La Suisse a aussi réagi

La Suisse s'est aussi clairement exprimée. Interrogé à ce sujet, le Département des affaires étrangères (DFAE) écrit: «Le DFAE est au courant des terribles images de Boutcha: elles font craindre de graves violations du droit international humanitaire». Les événements nécessitent «une enquête internationale indépendante», poursuit le DFAE. Le vice-président du PRD Philippe Nantermod s'est également exprimé:

Le conseiller national PS Fabian Molina a écrit: «Des crimes de guerre sont perpétrés en Ukraine sous les yeux de l'opinion publique mondiale». Molina demande à ce que la Suisse réagisse, notamment en interdisant le commerce des fossiles russes.

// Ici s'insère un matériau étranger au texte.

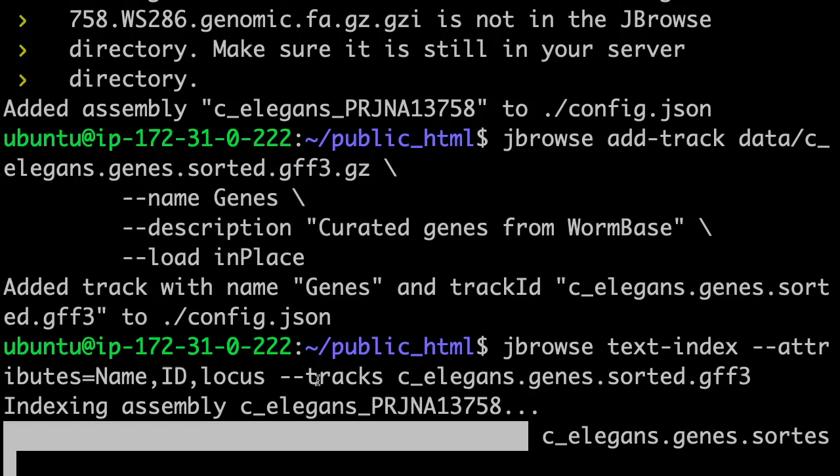In the configuration, it knows which assembly is attached to which files, so it knows the data is associated with this reference sequence. If I run the command without specifying tracks it will look through the whole configuration and index everything for every assembly, but it will only show options relevant to the assembly you're currently viewing. The indexing is still running — it's doing a lot of disk read and write, maybe some sorting at the end which is the memory-intensive part.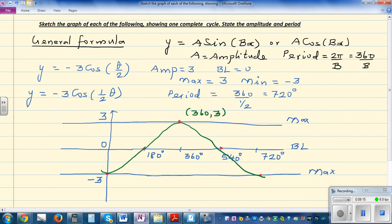We can confirm these key points: the maximum should be at (360, 3), and the graph should cross the baseline at (540, 0). The x-scale should run from 0 to 720 in steps of 180, and the y-scale from −3 to 3.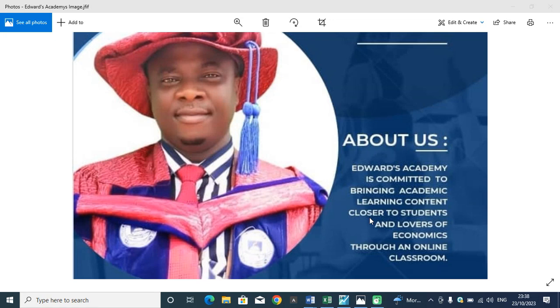Good morning my friends and audience. My name is Edward Walstrom, the tutor in Edward's Academy.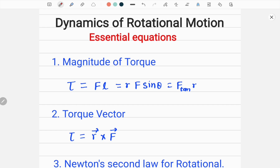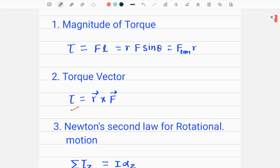Let's move to the second formula, which is the torque vector due to force F relative to point O. It is denoted by tau and given by R vector cross F — that is, R cross F — where R is the vector from point O (where the axis of rotation passes through) to where F acts, and F is the force.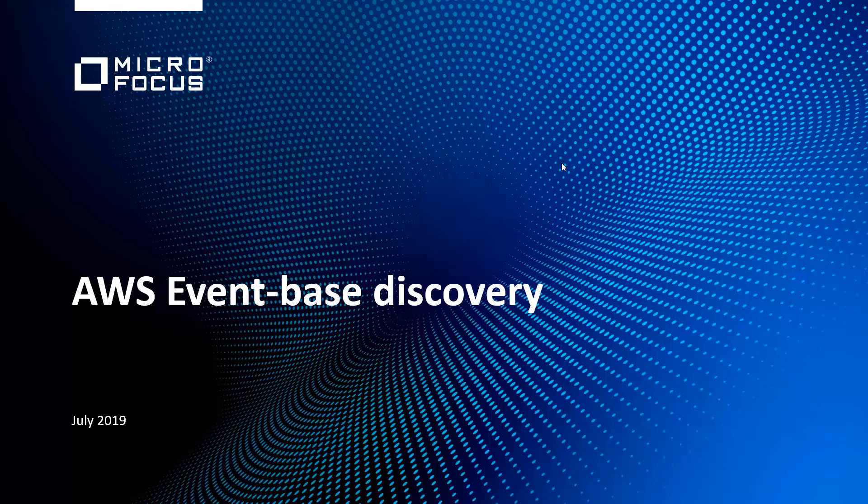Hello everyone, today I'm going to demo the AWS event-based discovery, which is a feature released in UCMDB version 2019.08.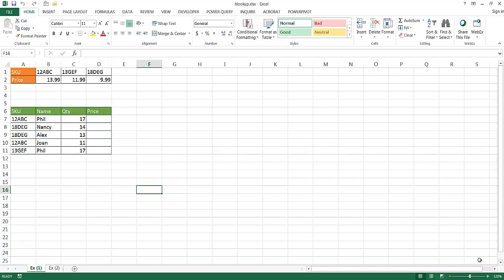Now the HLOOKUP function is, when you think about it, a cousin or very similar to the VLOOKUP function if you're familiar with it. But what the HLOOKUP function does is it searches for a value in the top row of the table, and then it's going to return a value in the same column from a row that you specify.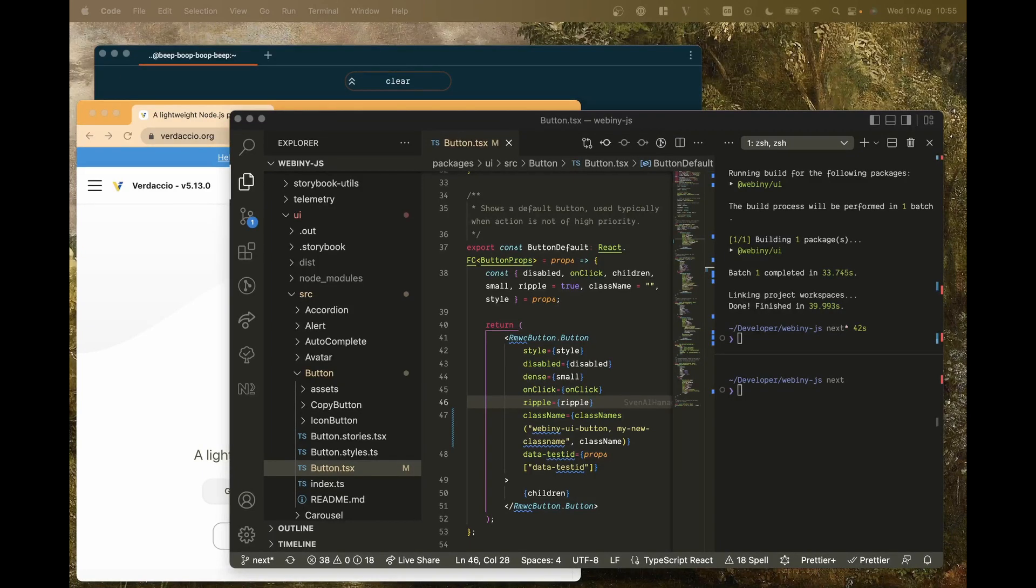Hello, so in this video I'm going to show you how Webiny uses Verdaccio to test changes to our packages.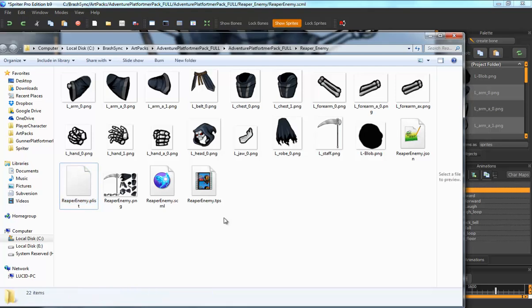And so that's the basics of how Texture Packer integration works with Spriter. Let us know what you think. And if you haven't already, check out Texture Packer at texturepacker.com and check out Spriter at brashmonkey.com. Thanks for watching.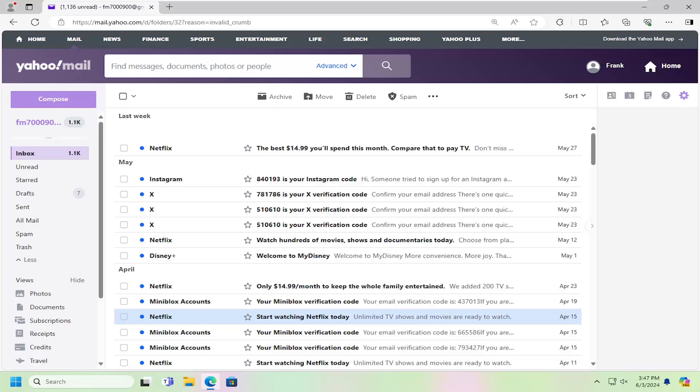In today's tutorial, I'm going to show you guys how to remove third-party access from your Yahoo Mail account. So if you don't want to have your other email clients syncing up to Yahoo Mail, in today's tutorial, I'm going to show you guys how to remove them.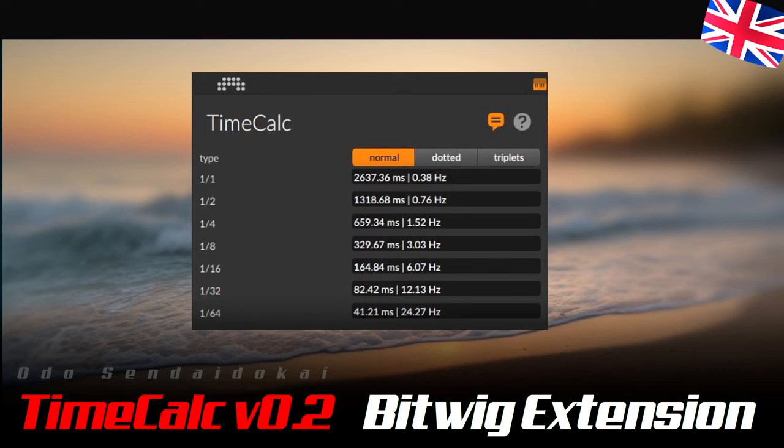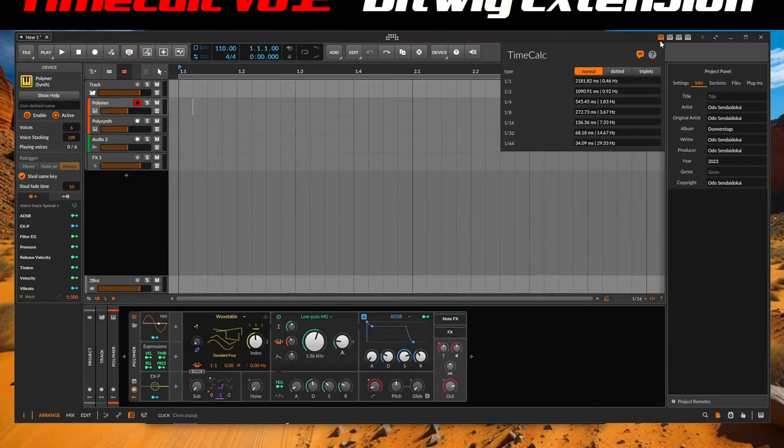Hello and a very warm welcome. My name is Odo Sendaidoukai and I would like to give you a brief update on the new version 0.2 of the Bitwig extension TimeCalc from Ensoniq. Then let's get started.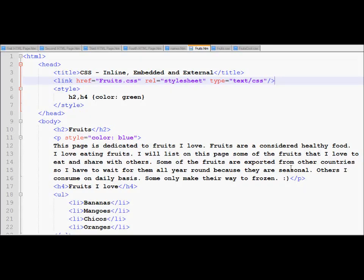Welcome again to another tutorial of Cascading Style Sheet. In this tutorial, we will learn about how to use an alternate style within your page.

«Poutine est un criminel de guerre», selon Carla Del Ponte

L'organisation de défense des droits de l'homme Human Rights Watch a documenté plusieurs cas de crimes de guerre présumés commis par l'armée russe près de Kiev, à Tchernihiv et à Kharkiv. Elle a publié son rapport dimanche. Viols et exécutions sommaires y sont consignés.

«Les cas que nous avons documentés se résument à une cruauté et à une violence indicibles et délibérées contre des civils ukrainiens. Le viol, le meurtre et d'autres actes de violence contre des personnes détenues par les forces armées russes devraient faire l'objet d'une enquête en tant que crimes de guerre.»
Hugh Williamson, directeur pour l'Europe de Human Rights Watch.

L'ancienne procureure en chef du Tribunal pénal international pour la Yougoslavie, Carla Del Ponte, demande un mandat d'arrêt contre le président russe. «Poutine est un criminel de guerre», a-t-elle déclaré ce week-end au journal suisse romand Le Temps.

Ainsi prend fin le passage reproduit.